Roman Abramovich, the Russian tycoon who owns Chelsea football club, has been drawn into a French investigation into the purchase, by his former business partner, of a spectacular seafront property on the Côte d'Azur.

Roman Abramovich, the Russian tycoon who owns Chelsea football club, has been drawn into a French investigation into the purchase, by his former business partner, of a spectacular seafront property on the Côte d'Azur.

French investigators reportedly want to question Mr Abramovich as part of an investigation into the circumstances in which another British-based Russian billionaire Boris Berezovsky bought the estate of La Garoupe in 1997.
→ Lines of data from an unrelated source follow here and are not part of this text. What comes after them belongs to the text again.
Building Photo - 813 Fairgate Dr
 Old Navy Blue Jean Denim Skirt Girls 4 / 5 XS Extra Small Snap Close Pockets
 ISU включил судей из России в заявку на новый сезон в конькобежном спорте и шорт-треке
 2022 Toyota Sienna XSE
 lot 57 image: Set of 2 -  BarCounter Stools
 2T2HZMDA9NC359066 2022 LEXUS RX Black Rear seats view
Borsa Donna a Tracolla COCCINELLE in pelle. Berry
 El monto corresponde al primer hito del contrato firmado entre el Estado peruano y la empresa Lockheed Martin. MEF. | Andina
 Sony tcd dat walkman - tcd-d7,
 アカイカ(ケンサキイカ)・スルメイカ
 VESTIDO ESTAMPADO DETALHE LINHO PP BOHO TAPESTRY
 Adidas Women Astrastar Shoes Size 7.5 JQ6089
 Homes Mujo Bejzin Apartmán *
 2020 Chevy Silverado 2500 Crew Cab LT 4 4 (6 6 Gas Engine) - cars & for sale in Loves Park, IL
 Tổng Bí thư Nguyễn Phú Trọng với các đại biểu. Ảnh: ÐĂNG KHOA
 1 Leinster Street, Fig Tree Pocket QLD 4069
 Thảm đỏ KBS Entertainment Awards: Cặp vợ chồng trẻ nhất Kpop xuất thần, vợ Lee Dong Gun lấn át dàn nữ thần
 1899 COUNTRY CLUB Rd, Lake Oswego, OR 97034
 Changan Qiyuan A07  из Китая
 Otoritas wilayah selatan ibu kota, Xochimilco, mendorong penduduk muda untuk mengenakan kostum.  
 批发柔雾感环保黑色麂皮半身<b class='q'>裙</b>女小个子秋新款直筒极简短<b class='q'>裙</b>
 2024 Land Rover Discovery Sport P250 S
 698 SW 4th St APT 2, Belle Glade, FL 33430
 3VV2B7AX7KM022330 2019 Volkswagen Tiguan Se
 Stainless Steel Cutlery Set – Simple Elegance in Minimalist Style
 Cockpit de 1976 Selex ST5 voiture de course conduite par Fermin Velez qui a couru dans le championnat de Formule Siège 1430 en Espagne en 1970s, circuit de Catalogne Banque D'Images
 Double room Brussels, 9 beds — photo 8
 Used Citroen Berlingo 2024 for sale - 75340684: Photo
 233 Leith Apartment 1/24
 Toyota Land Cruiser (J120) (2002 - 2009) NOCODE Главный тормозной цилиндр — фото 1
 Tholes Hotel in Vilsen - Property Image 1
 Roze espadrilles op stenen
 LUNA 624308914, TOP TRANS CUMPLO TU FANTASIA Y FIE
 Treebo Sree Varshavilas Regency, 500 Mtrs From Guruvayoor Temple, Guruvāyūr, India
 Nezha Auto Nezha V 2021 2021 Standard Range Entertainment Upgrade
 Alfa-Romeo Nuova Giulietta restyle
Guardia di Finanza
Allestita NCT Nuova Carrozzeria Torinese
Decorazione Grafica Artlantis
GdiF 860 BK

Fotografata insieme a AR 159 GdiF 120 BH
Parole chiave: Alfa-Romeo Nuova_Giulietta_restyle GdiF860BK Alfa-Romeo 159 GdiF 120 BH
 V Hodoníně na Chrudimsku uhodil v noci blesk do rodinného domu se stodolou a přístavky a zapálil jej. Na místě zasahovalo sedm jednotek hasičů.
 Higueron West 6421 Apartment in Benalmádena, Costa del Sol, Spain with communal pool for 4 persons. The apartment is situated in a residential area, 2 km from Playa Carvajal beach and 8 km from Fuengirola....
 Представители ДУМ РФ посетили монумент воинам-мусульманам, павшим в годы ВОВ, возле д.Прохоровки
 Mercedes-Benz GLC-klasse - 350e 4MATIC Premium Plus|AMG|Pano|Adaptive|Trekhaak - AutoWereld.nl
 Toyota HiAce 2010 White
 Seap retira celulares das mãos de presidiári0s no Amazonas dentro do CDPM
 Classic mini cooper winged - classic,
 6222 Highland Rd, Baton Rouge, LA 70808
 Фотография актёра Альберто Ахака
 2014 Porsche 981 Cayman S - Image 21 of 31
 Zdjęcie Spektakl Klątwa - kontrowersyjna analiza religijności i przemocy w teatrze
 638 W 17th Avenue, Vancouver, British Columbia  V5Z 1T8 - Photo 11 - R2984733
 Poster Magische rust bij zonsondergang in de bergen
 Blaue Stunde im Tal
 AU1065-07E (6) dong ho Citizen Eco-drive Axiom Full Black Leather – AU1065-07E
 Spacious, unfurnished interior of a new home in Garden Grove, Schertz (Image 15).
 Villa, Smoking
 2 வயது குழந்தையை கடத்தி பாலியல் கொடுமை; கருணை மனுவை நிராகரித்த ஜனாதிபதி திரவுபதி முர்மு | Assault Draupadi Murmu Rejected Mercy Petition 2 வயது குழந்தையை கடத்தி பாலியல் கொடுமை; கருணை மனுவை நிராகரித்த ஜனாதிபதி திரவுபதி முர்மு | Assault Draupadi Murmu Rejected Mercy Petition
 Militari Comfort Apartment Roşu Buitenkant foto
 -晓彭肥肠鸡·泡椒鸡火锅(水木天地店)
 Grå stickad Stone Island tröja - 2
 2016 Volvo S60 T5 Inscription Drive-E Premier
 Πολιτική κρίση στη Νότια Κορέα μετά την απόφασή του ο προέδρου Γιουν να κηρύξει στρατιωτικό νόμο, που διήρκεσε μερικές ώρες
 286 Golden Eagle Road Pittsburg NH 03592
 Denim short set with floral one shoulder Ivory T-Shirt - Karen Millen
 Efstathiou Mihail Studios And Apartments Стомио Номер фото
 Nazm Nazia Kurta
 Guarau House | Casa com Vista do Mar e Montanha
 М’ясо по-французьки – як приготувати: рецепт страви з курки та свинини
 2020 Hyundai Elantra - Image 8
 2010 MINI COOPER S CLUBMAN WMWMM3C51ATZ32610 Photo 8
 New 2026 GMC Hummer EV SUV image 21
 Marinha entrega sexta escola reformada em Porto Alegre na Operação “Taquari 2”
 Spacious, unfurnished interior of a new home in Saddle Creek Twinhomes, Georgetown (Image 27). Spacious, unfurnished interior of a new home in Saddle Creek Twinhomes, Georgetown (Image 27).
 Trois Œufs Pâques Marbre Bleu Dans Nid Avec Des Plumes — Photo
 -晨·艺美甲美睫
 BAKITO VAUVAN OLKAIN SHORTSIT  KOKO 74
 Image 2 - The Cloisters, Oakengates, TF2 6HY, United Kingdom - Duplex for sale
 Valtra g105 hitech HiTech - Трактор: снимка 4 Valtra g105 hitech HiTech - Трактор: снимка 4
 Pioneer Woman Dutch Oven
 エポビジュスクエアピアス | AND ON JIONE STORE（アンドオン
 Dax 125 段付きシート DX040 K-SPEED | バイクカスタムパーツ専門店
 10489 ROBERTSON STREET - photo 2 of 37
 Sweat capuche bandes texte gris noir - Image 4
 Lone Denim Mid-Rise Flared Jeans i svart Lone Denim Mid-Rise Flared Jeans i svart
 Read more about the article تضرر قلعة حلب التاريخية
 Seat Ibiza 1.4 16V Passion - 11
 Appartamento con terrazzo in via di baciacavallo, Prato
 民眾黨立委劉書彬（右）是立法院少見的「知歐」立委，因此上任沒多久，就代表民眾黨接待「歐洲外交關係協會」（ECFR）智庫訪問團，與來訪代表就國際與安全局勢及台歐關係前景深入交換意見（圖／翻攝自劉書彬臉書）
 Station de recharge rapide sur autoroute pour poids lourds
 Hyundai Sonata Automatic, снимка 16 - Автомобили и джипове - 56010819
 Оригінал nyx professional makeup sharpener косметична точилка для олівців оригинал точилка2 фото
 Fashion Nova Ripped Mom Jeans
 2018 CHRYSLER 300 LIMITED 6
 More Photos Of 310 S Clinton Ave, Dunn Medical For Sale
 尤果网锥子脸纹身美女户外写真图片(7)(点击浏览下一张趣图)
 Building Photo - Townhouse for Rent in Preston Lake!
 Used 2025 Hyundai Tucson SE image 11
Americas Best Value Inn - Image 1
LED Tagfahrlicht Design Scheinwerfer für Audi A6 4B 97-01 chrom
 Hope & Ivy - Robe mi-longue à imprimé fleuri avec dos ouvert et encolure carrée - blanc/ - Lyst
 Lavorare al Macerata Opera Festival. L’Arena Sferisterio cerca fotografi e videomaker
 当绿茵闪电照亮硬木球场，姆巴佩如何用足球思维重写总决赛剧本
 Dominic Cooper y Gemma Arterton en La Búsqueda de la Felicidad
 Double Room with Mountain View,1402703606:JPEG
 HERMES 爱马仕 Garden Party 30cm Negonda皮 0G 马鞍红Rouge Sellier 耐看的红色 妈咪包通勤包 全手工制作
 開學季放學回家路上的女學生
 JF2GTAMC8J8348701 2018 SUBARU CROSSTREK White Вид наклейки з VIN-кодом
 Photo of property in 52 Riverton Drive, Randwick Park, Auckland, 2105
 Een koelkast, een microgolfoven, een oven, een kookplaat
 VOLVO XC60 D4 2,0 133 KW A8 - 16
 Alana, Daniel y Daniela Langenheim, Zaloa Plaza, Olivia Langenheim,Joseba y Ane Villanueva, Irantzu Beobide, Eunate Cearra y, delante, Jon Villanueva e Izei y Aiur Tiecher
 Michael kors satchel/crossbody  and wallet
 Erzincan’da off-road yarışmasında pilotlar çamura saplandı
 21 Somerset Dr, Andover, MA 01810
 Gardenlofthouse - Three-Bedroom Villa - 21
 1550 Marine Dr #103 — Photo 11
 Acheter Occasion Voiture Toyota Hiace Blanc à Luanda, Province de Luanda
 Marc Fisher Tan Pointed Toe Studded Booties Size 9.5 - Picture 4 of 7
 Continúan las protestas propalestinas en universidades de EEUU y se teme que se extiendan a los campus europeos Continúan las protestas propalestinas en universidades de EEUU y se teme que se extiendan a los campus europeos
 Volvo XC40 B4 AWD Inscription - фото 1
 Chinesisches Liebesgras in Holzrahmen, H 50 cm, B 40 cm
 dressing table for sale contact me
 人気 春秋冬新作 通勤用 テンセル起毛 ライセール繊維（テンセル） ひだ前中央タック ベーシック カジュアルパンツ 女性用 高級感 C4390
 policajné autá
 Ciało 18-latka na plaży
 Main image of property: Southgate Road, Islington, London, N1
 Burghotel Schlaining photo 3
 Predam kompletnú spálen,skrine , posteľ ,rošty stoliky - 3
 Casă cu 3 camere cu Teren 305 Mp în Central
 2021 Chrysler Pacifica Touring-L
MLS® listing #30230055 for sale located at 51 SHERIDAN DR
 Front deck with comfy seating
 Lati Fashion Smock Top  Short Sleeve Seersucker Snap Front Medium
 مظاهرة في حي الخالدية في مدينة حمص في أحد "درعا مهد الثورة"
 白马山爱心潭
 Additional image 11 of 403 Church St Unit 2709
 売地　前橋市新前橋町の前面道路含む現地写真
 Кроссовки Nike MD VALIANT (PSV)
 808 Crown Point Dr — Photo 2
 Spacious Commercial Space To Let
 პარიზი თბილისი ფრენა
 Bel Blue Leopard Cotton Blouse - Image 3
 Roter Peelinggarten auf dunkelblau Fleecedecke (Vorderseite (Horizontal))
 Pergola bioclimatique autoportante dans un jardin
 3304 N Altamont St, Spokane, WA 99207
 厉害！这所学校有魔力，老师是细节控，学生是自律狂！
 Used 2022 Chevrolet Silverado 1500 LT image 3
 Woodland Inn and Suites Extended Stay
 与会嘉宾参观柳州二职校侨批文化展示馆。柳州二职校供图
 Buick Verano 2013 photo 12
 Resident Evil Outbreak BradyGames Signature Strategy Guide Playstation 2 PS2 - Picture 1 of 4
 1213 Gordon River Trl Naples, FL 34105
Mr Berezovsky's chateau in the walled estate, on the exclusive Cap d'Antibes, was searched last month on the orders of a French examining magistrate acting at the prompting of the French finance ministry's anti money-laundering unit. Mr Berezovsky was in London at the time, and said that his 81-year-old mother, who was alone with an employee, had been indisposed by the arrival of masked and armed men who swooped into the property by helicopter and seized documents.

According to yesterday's Nice-Matin newspaper, documents seized in that raid show the involvement of a company controlled by Mr Abramovich in the purchase of La Garoupe for €22m (£15m).

The judge leading the investigation, Béatrice Del Volgo, has been looking into whether part of the money used by Mr Berezovsky to buy La Garoupe was guaranteed by Sibneft, the oil company controlled by Mr Abramovich.

The two billionaires, who both live in Britain, joined the club of the Russian oligarchs when they benefited from the selling of state assets following the collapse of the Soviet Union.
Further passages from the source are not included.